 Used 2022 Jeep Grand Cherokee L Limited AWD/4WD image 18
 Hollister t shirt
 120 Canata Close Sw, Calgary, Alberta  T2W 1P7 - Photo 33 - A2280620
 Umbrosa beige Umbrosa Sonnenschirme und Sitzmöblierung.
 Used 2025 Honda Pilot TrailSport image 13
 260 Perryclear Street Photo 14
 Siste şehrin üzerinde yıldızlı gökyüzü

==

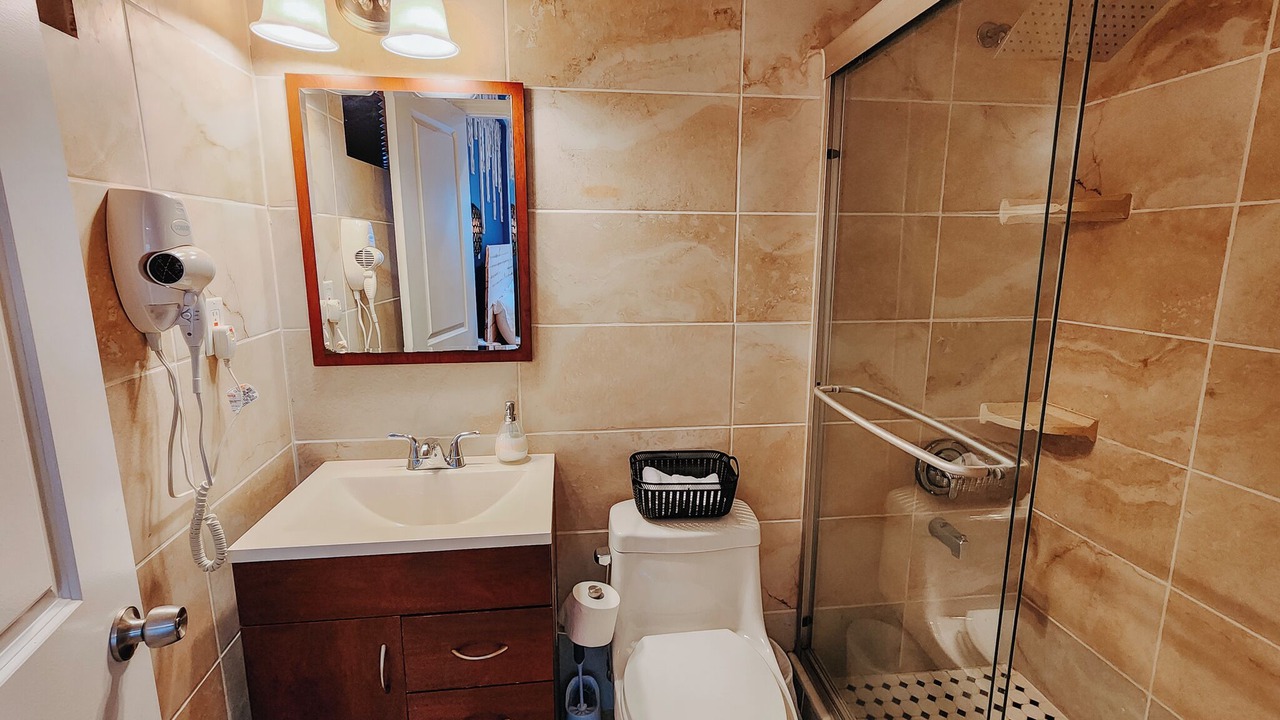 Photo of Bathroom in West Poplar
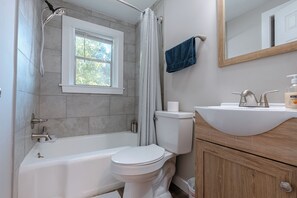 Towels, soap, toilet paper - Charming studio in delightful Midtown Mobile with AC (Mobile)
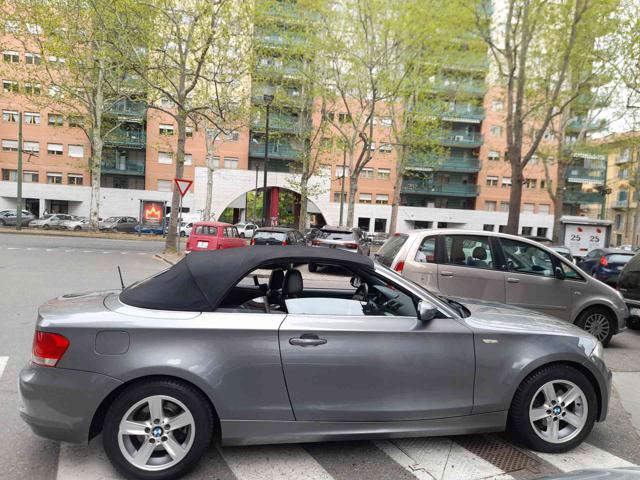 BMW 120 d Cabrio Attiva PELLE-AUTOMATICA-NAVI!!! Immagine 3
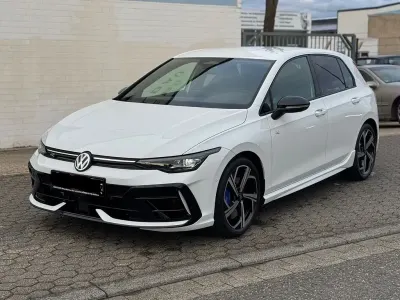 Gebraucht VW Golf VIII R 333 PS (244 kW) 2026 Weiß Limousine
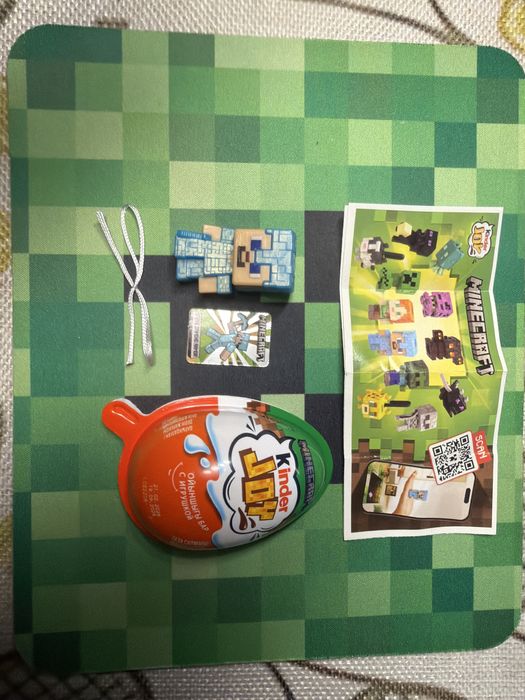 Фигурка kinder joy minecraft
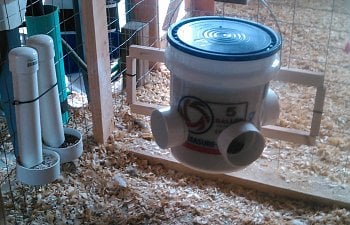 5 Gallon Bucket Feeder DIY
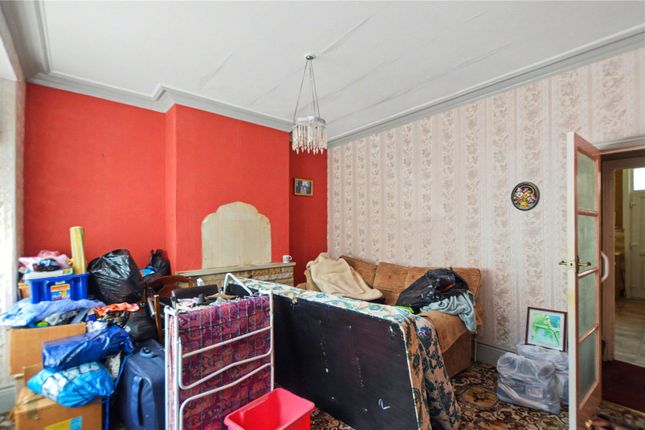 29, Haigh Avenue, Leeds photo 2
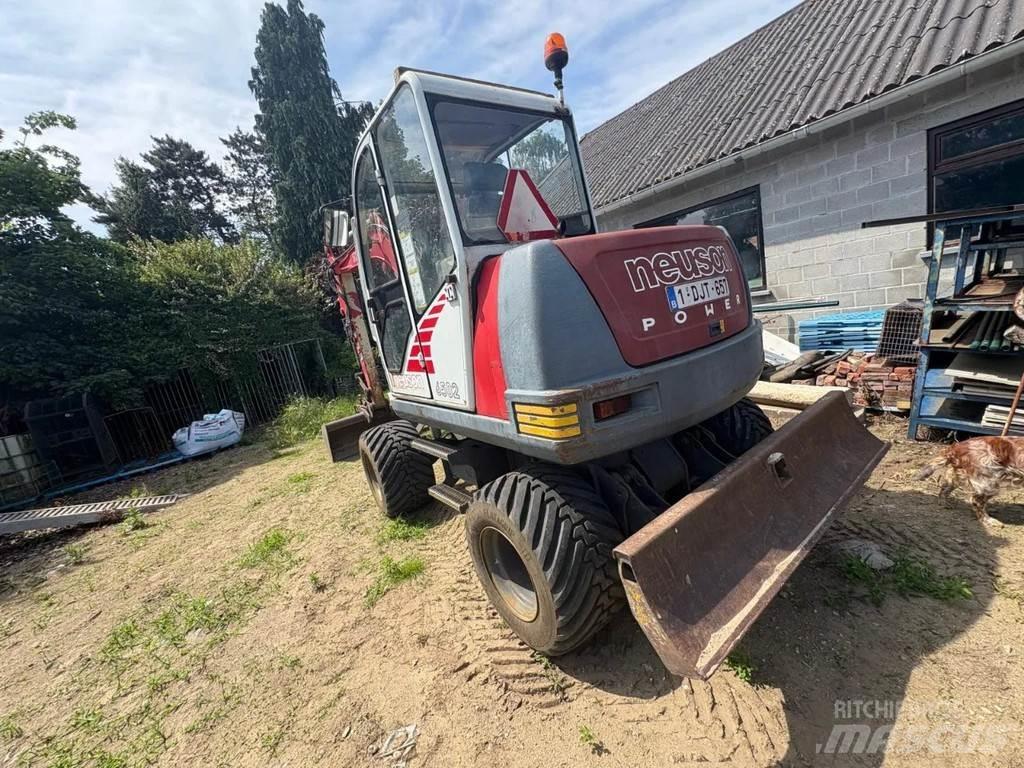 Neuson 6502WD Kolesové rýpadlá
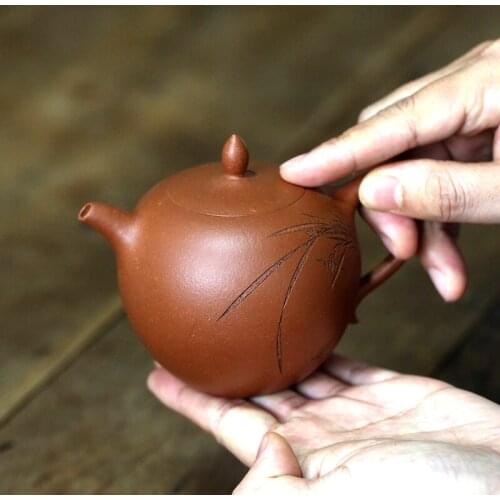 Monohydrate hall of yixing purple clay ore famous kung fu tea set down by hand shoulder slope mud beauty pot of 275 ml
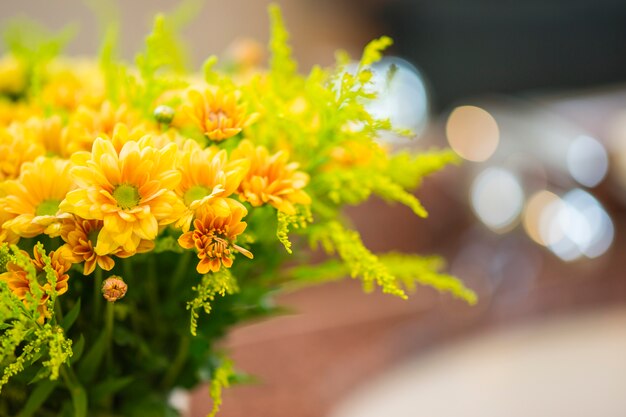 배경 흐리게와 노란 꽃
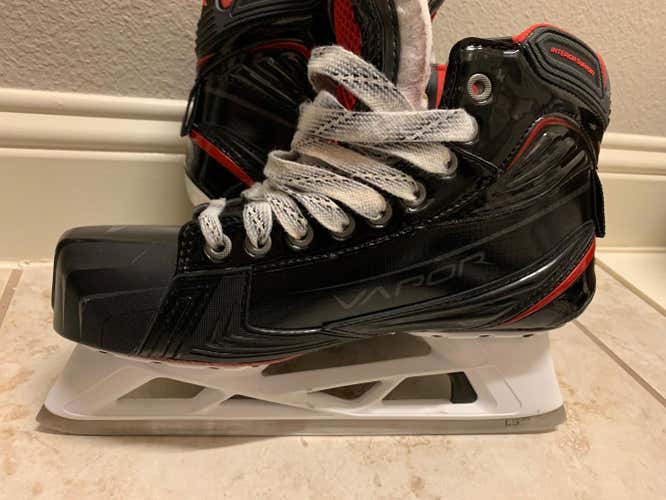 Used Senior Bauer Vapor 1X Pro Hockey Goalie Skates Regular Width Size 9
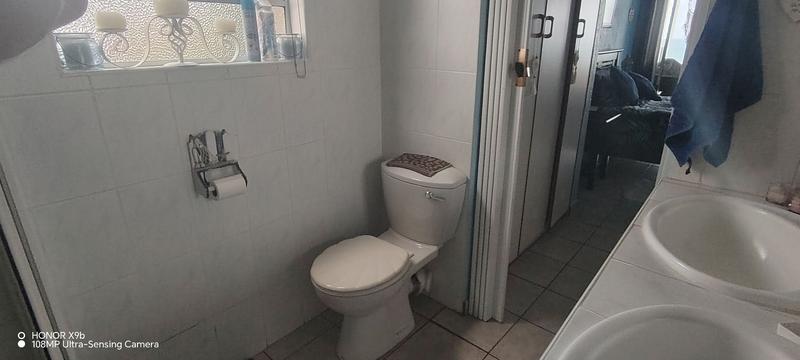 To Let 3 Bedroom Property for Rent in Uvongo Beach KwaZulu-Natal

→ WORK INSTRUCTION: The copy should hold exactly the lines above from the one with "Neuson 6502WD Kolesové rýpadlá" through the one with "To Let 3 Bedroom", both ends counted, and no pictures at all.

→ RESPONSE BELOW:
 Neuson 6502WD Kolesové rýpadlá
 Monohydrate hall of yixing purple clay ore famous kung fu tea set down by hand shoulder slope mud beauty pot of 275 ml
 배경 흐리게와 노란 꽃
 Used Senior Bauer Vapor 1X Pro Hockey Goalie Skates Regular Width Size 9
 To Let 3 Bedroom Property for Rent in Uvongo Beach KwaZulu-Natal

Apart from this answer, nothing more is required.